Conservatism is evolving from its post-World War II origins. Republicans witnessed last year how Trump’s voting base had shifted towards expanded health care access, crackdowns on monopolistic sectors, tax increases for the wealthy, and a prudent foreign policy. They maintain a traditional conservative disposition on social issues, but their economic outlook is more in alignment with the New Deal era than the Republican Revolution of 1994. Preserving this coalition will require an inclusive approach. Working-class regions are geographically and culturally diverse, ranging from Appalachian villages to poor city neighborhoods. Republicans must compassionately respond to white senior citizens who cannot retire, Latino small business owners who struggle to finance their dreams, and African-American families in failing urban school districts. 

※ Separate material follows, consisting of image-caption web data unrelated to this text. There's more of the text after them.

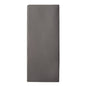 Um guardanapo Starpak "Premium" antracite (40 x 48 cm, Airlaid, semelhante a tecido, 1/8-dobra) de uma caixa de 100 unidades está dobrado de forma limpa sobre um fundo branco simples.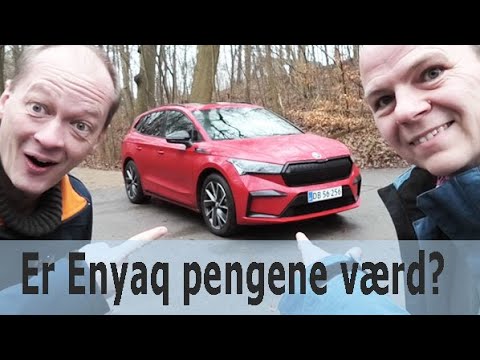 Er Skoda Enyaq pengene værd?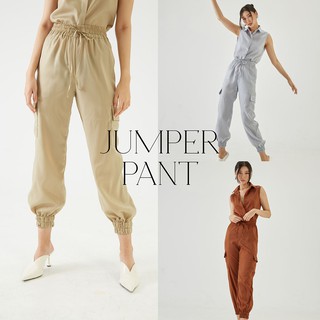 STUDIO UNKNOWN - Jumper Pant กางเกงจั้มขา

“The working class earns its living with its hands or its backs; its members do not exist on welfare payments; they do not live in abject, swinish poverty, nor in safe, remote suburban comfort,” wrote Hamill in his New York piece. The core of his observation remains timeless, but many of those hands and backs have gone idle as hope for their economic prospects slips away. It’s difficult to forecast whether the working class will even stick with Trump (a question that may be answered by the tax cut deal). But what is clear is that the administration must respond to the needs and aspirations of the working class. It must enact policies that address economic and social needs, from border security to job security. It cannot take their support for granted, the fatal mistake made by the Democratic Party. The working class’s flirtations with Republicans will continue only if the GOP offers them something in return.